When I saw IQU open for …And You Will Know Us by the Trail of Dead a little while ago, it was a very strange experience. There I was at a rock show (and not just any rock show mind you) when these two young Japanese musicians walked on stage and began conducting some sweet, ethereal space pop. I checked my ticket stub to make sure I was in the right place. This was the Trail of Dead, man. You know, tumbling drum kits, airborne beverages, audience members playing the odd tom-tom. I had expected some Trail of Dead-lite to open for them (see Stills/Interpol tour), so when the beats began, I was in disbelief. The crowd was as equally shocked as I was…not just by the presence of this completely un-Trail of Dead electronic duo, but also because the music was good. Really good.
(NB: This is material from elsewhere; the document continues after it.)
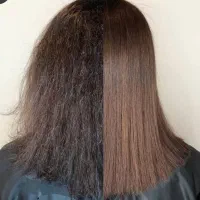 پکیج الماس موخوره گیری فقط ۳۹۹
IQU (formally Icu) is Olympia based duo Kento Oiwa and Michiko Swiggs. Their bio says that after meeting in college they became fast friends, but one line in particular (“it wasn’t until attending a noise rave in Osaka that the duo decided to start making music together”) describes perfectly the type of bond that forged the IQU we know today. Since 1998 and leading up to this years Sun Q, the band has released two just ok EPs and only one proper album, 1998’s Chotto Matte a Moment !. It’s taken more than a little time for IQU to follow that record, but now that it’s finally arrived, one thing has remained true about the band; these kids love playing with sound. The time in between these releases has served the band well too, as they have developed a somewhat buzz worthy live performance. This is for good reason; Oiwa’s theremin playing is one of the coolest things I’ve ever seen in concert. Shit, even Trail of Dead stopped whatever it was they were doing and stood by the side of the stage to watch the bands set. Here was this electronic act capturing the attention of drunken hard rock/punk fans, as well as the so-hip-it-hurts, imported beer drinking cool guys. One would think this nothing new due to the abundance of quality electronica enthusiasts are exposed to, but IQU posses a cutesy funk about them that is refreshing in its honesty. Alternating almost jap-pop melodies with slow jams that feature a poignant, weeping theremin, IQU connect with the little pop-oriented (oriental) space boy in us all. Hands down, the best tracks on Sun Q are opener “Under the Cherry Blossom,” “Loving You” (both instrumental pieces), and the albums lovely title track. The noisier, driving pulses of the electronic numbers also stand out as one of IQU’s strengths. The only thing that really puts a damper on this album is that some songs sound almost too close for comfort to those cheesy, mid-late 90’s electronic party beats that do not age very well, as time has shown. Had IQU cut the weaker tracks, like the totally uninteresting, TV commercial music of “The 9th Line,” and added a couple more bitch’n almost-rave like beats or wonderful theremin solos, Sun Q’s consistency would have benefited greatly.
The concert went on to become my second favorite concert, right behind seeing Trail of Dead for the first time a year and a half before. This time around though, another band had added to my grin of satisfaction after the show. Being surprised by a cool opening act that also refreshes (mostly) a musical genre does not happen very often, and seeing IQU live was a pure delight in this sense. If nothing else, seeing a guy with greasy hair, ripped jeans and a Black Flag t-shirt nodding his head and swaying his hips to these kinds of beats should be evidence enough of IQU’s potential.